(Scraped caption text data)
┌──

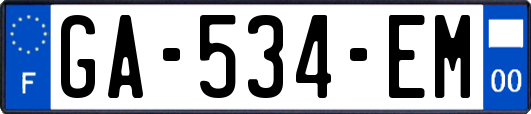 GA-534-EM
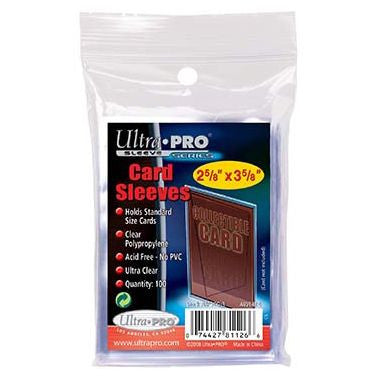 Deck Protector Premium Sleeves (100)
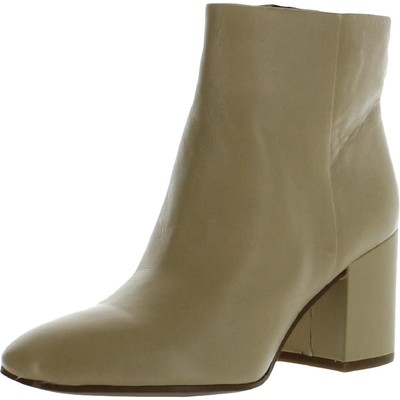 

Franco Sarto Женские кожаные ботильоны с квадратным носком Tina BHFO 8910, Tina
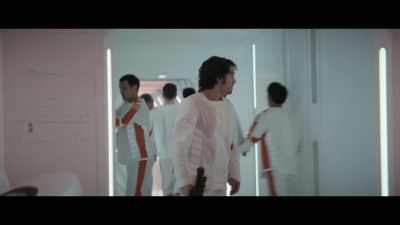 You see someone who's confused,
someone who is lost, - Star Wars: Andor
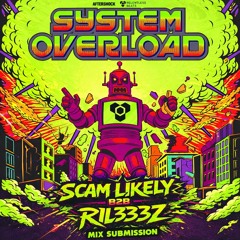 System Overload DJ Competition 2026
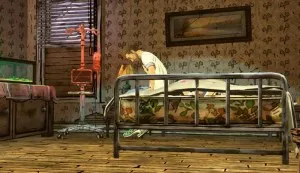 Halloween And Aliens Aren’t The Only Horror Movies With New Games Debuting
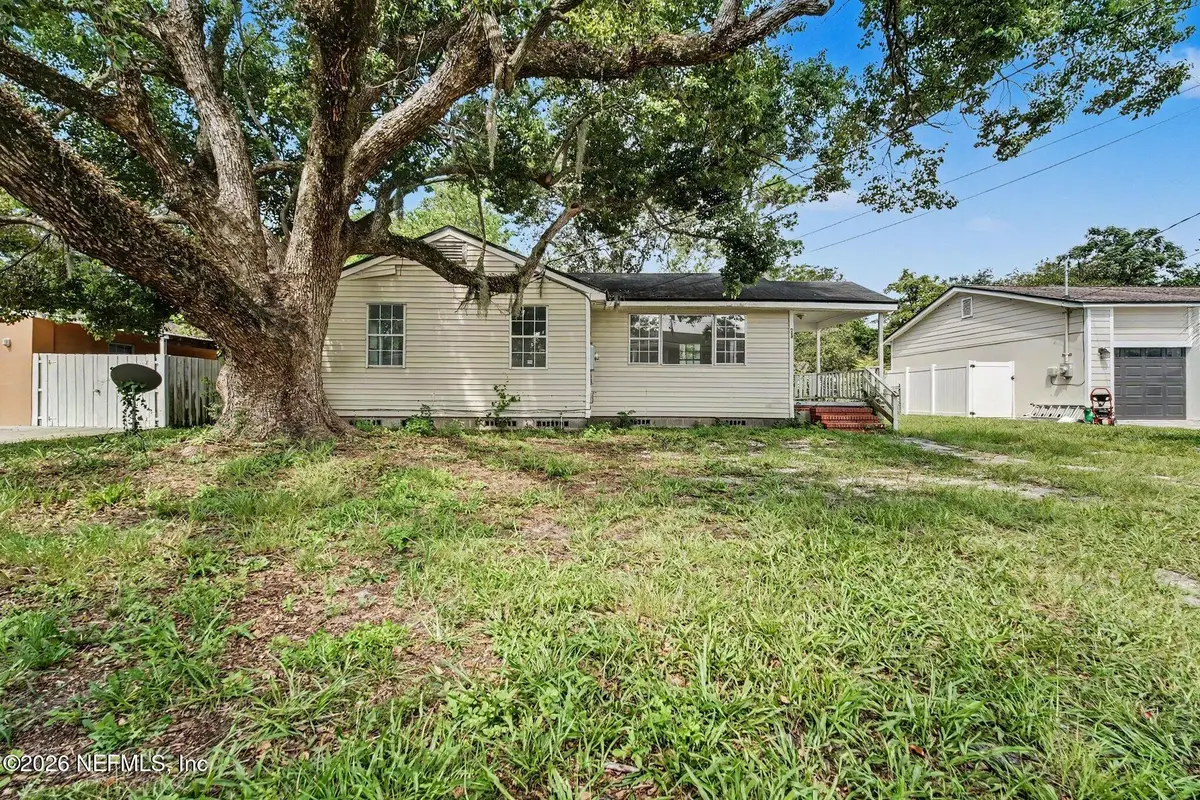 328 Laurina Street, Jacksonville, FL 32216 - #1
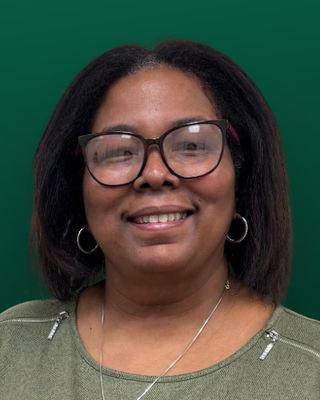 Photo of Alphia Miller, Clinical Social Work/Therapist, LCSW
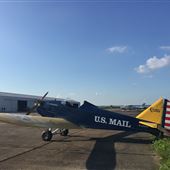 Perryville Regional Airport
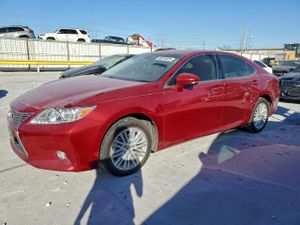 Lexus ES 350 3.5L 6 2013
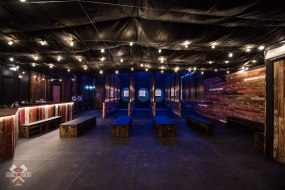 Axes to Ashes Ltd Team Building Hire Profile 1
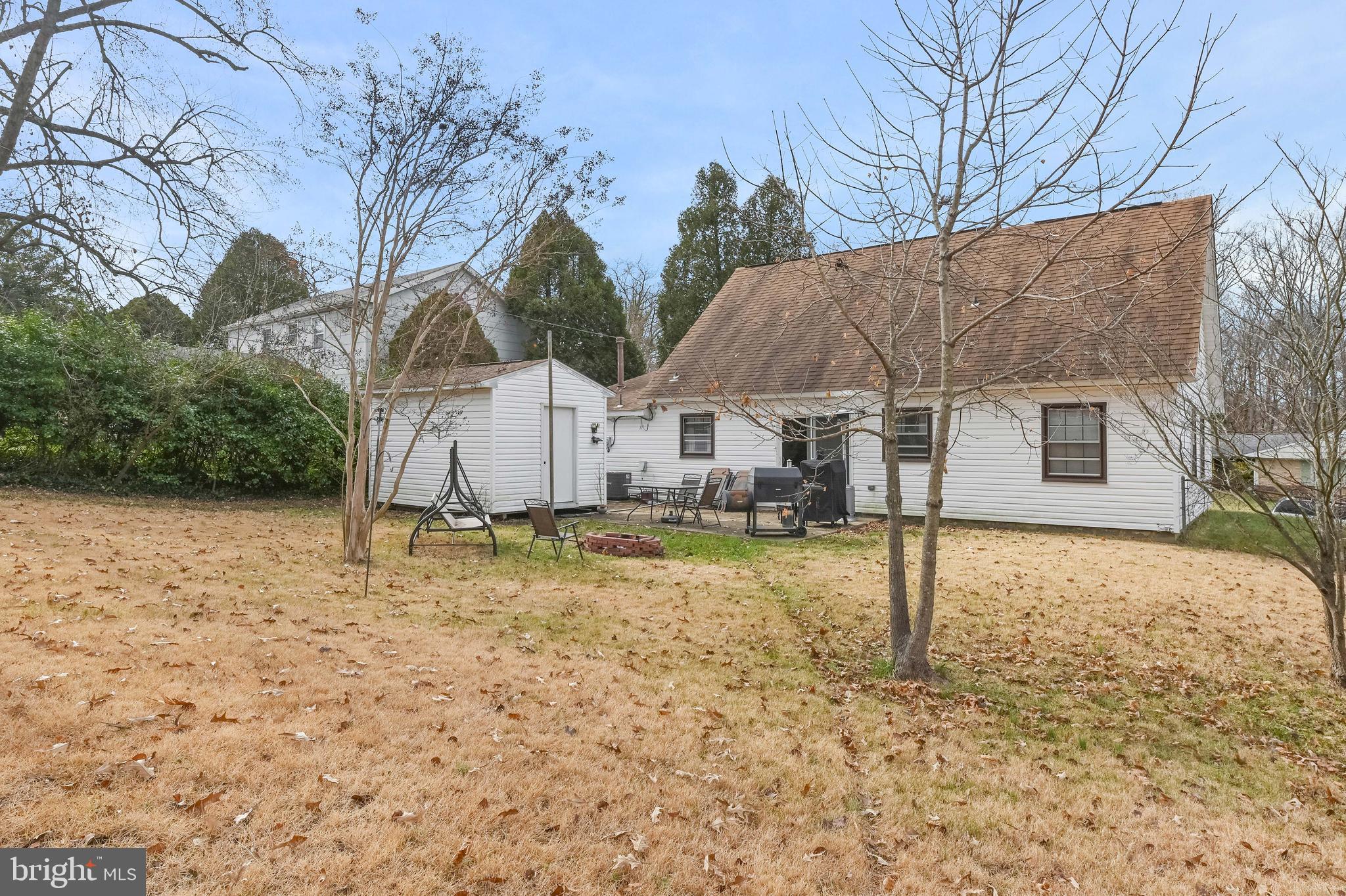 IDLEWILD AT BELAIR - Residential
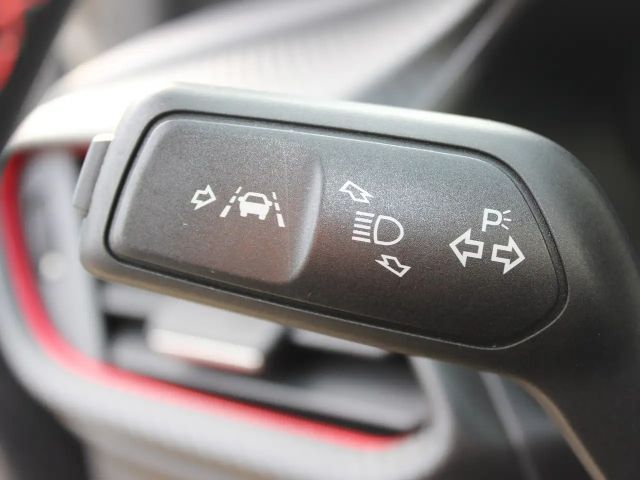 Ford Puma EcoBoost ST Line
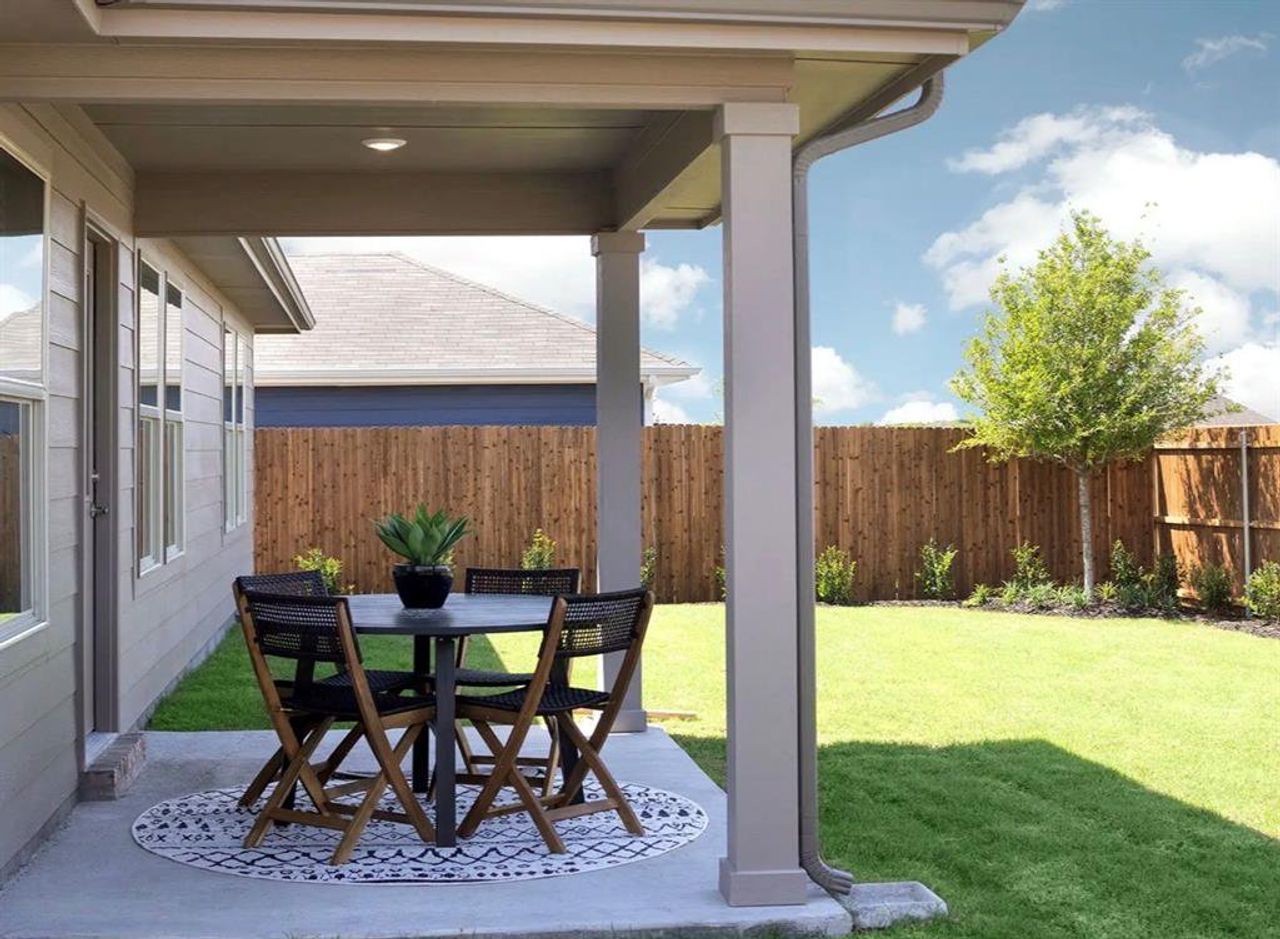 Builder representation image **PROFESSIONAL PICTURES COMING SOON**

└──

__ABOUT THIS EXERCISE__: Word for word, repeat all the data, but not its images.

__ANSWER AREA__:
 GA-534-EM
 Deck Protector Premium Sleeves (100)

Franco Sarto Женские кожаные ботильоны с квадратным носком Tina BHFO 8910, Tina
 You see someone who's confused,
someone who is lost, - Star Wars: Andor
 System Overload DJ Competition 2026
 Halloween And Aliens Aren’t The Only Horror Movies With New Games Debuting
 328 Laurina Street, Jacksonville, FL 32216 - #1
 Photo of Alphia Miller, Clinical Social Work/Therapist, LCSW
 Perryville Regional Airport
 Lexus ES 350 3.5L 6 2013
 Axes to Ashes Ltd Team Building Hire Profile 1
 IDLEWILD AT BELAIR - Residential
 Ford Puma EcoBoost ST Line
 Builder representation image **PROFESSIONAL PICTURES COMING SOON**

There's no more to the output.